ASSIGNMENT
Where the records contain images, omit them, and repeat everything else word for word.

INFORMATION SHOWN

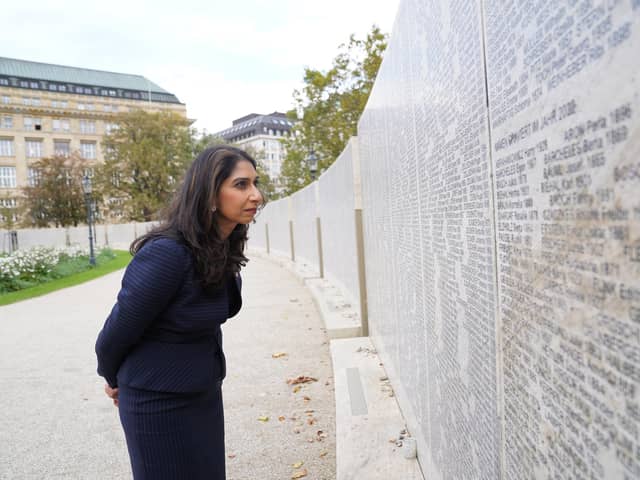 Home Secretary Suella Braverman looks at some of the names on the Shoah Wall in Vienna of Austrian Jews who died during the Holocaust, earlier this month. She has in an article said: "They are an assertion of primacy by certain groups - particularly Islamists - of the kind we are more used to seeing in Northern Ireland" Pic: Stefan Rousseau/PA Wire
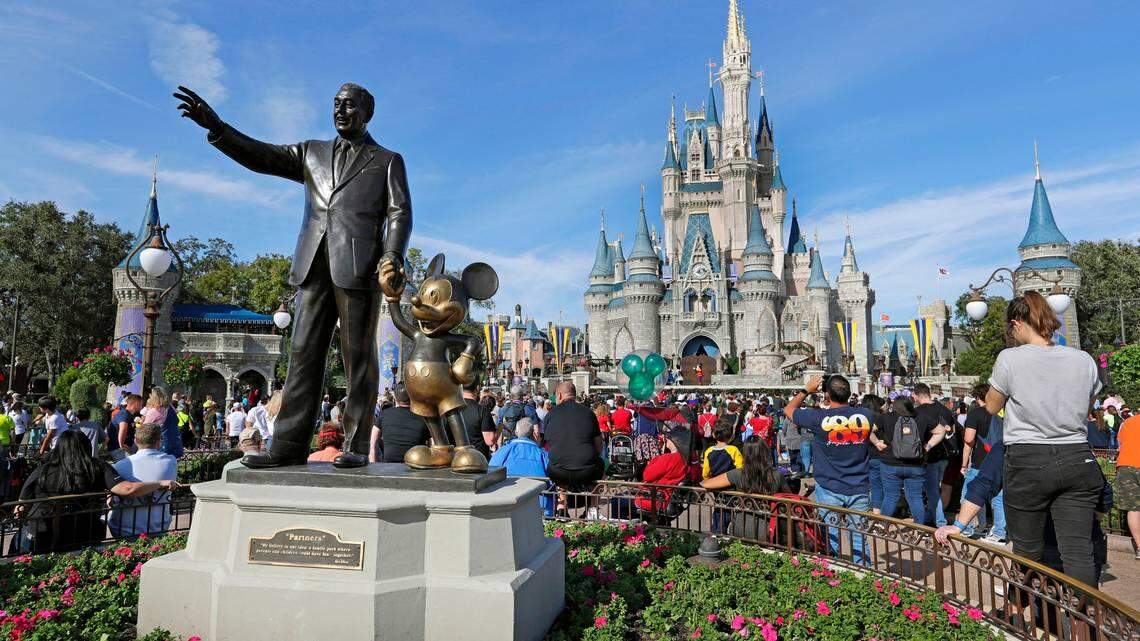 In this 2019 file photo, Disney World guests watch a show near a statue of Walt Disney and Micky Mouse at Walt Disney World in Florida. After a feud with Disney World, Republican Gov. Ron DeSantis signed legislation on April 23, 2022 stripping the theme park of a decades-old special agreement that allowed it to govern itself.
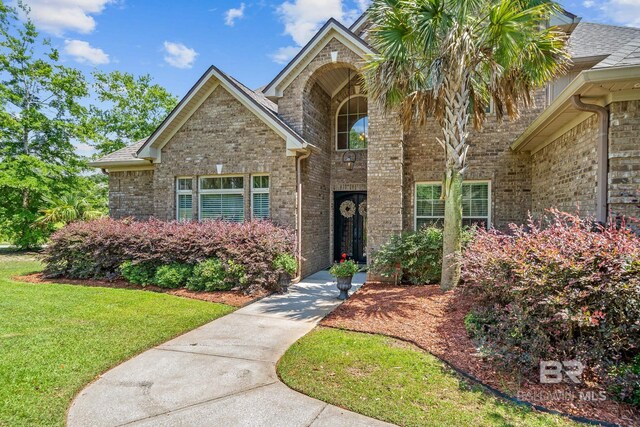 view of front of property with a front lawn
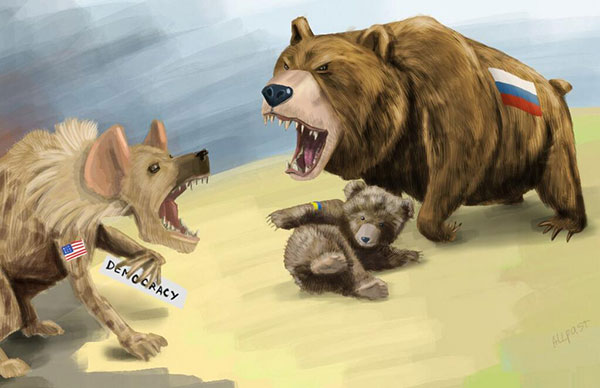Медведь охраняет медвеженка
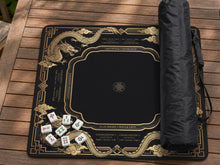 Black square mahjong mat with gold dragon artwork, American rules text, and Charleston guidance printed on the surface.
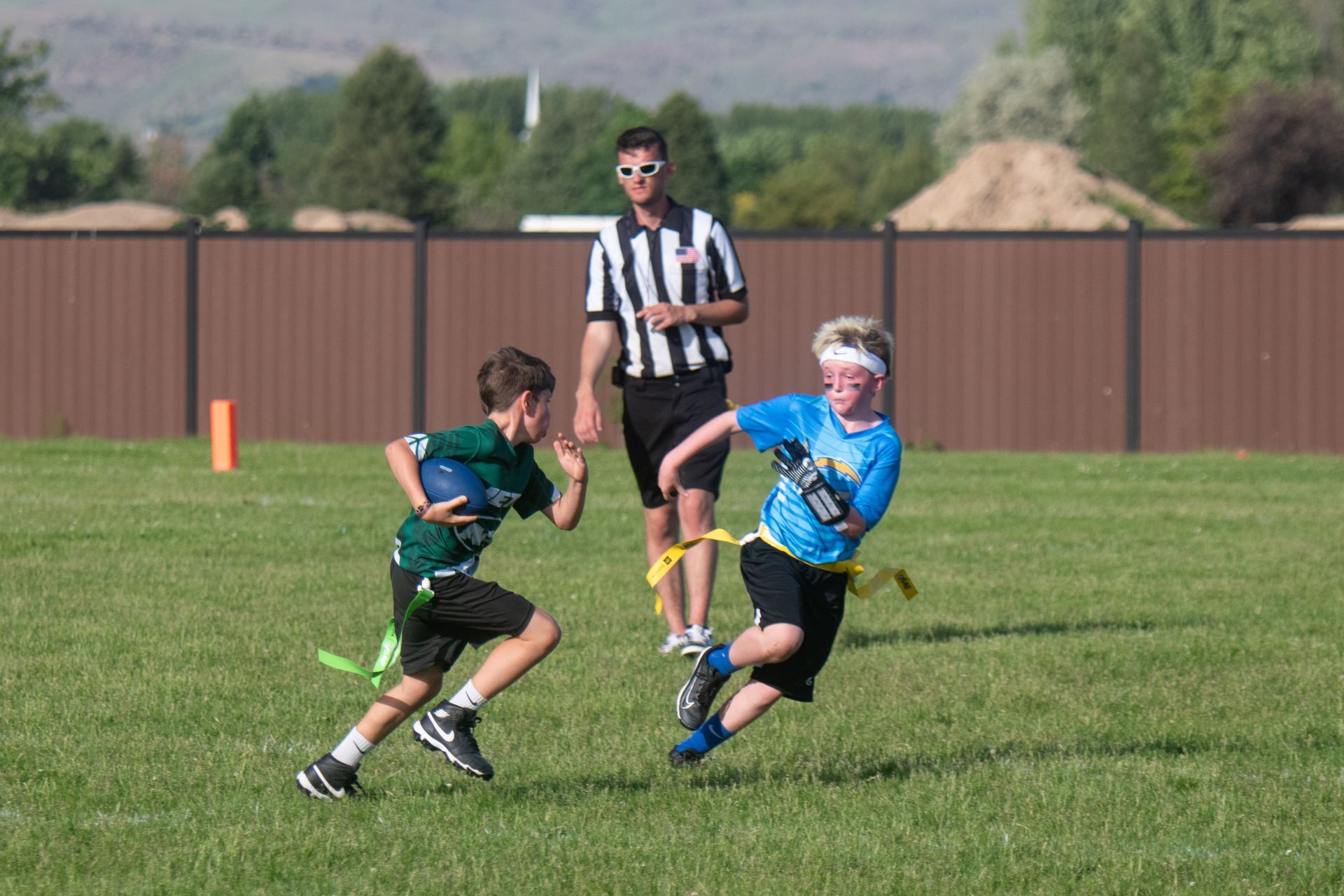Two children play flag football on a grassy field while a referee in a striped shirt observes the play.
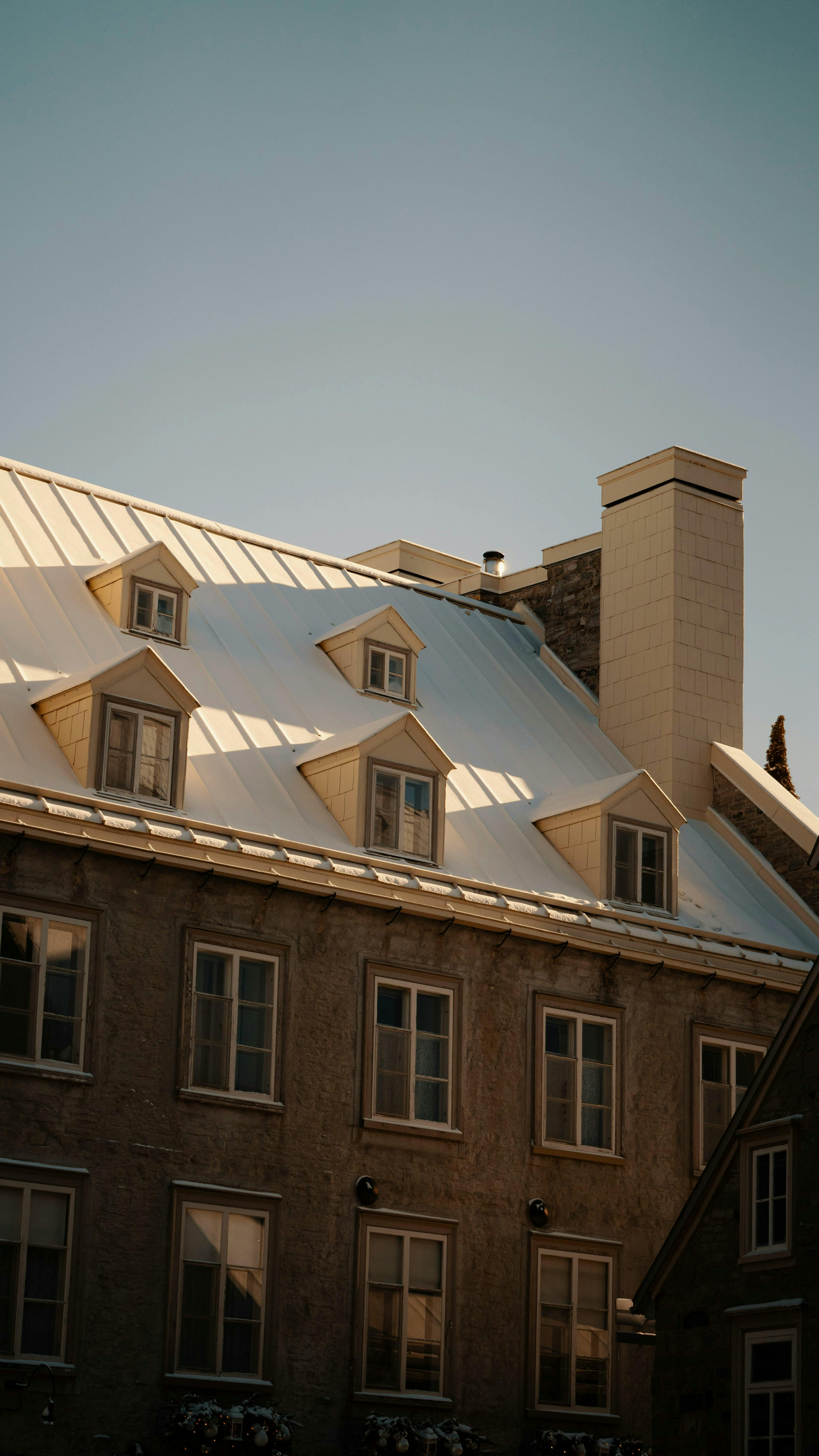 A vintage building with a sloped metal roof under a clear sky, capturing warm sunlight and shadow play.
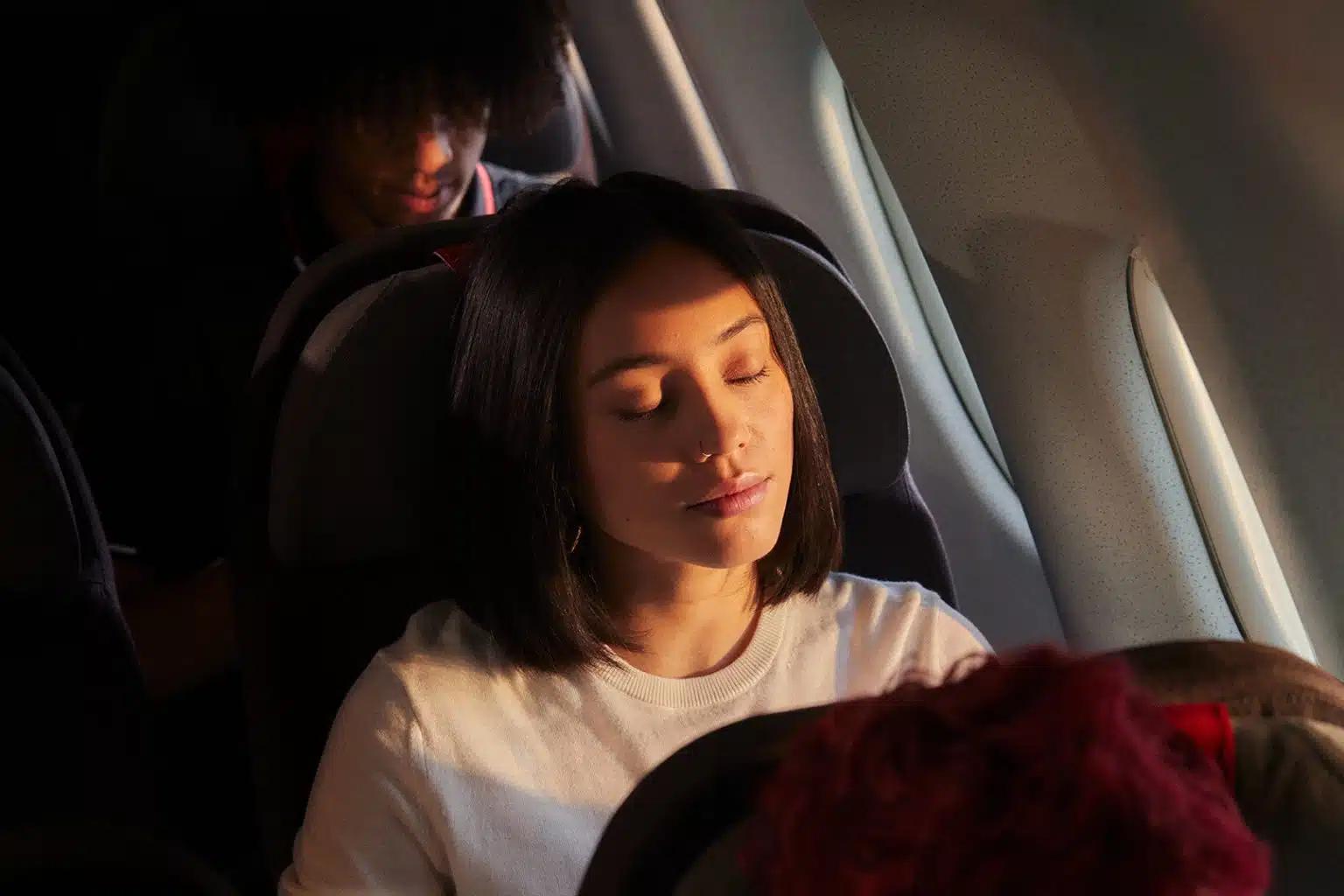 A woman sitting on an airplane closes her eyes peacefully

EXERCISE RESULT
 Home Secretary Suella Braverman looks at some of the names on the Shoah Wall in Vienna of Austrian Jews who died during the Holocaust, earlier this month. She has in an article said: "They are an assertion of primacy by certain groups - particularly Islamists - of the kind we are more used to seeing in Northern Ireland" Pic: Stefan Rousseau/PA Wire
 In this 2019 file photo, Disney World guests watch a show near a statue of Walt Disney and Micky Mouse at Walt Disney World in Florida. After a feud with Disney World, Republican Gov. Ron DeSantis signed legislation on April 23, 2022 stripping the theme park of a decades-old special agreement that allowed it to govern itself.
 view of front of property with a front lawn
Медведь охраняет медвеженка
 Black square mahjong mat with gold dragon artwork, American rules text, and Charleston guidance printed on the surface.
Two children play flag football on a grassy field while a referee in a striped shirt observes the play.
 A vintage building with a sloped metal roof under a clear sky, capturing warm sunlight and shadow play.
 A woman sitting on an airplane closes her eyes peacefully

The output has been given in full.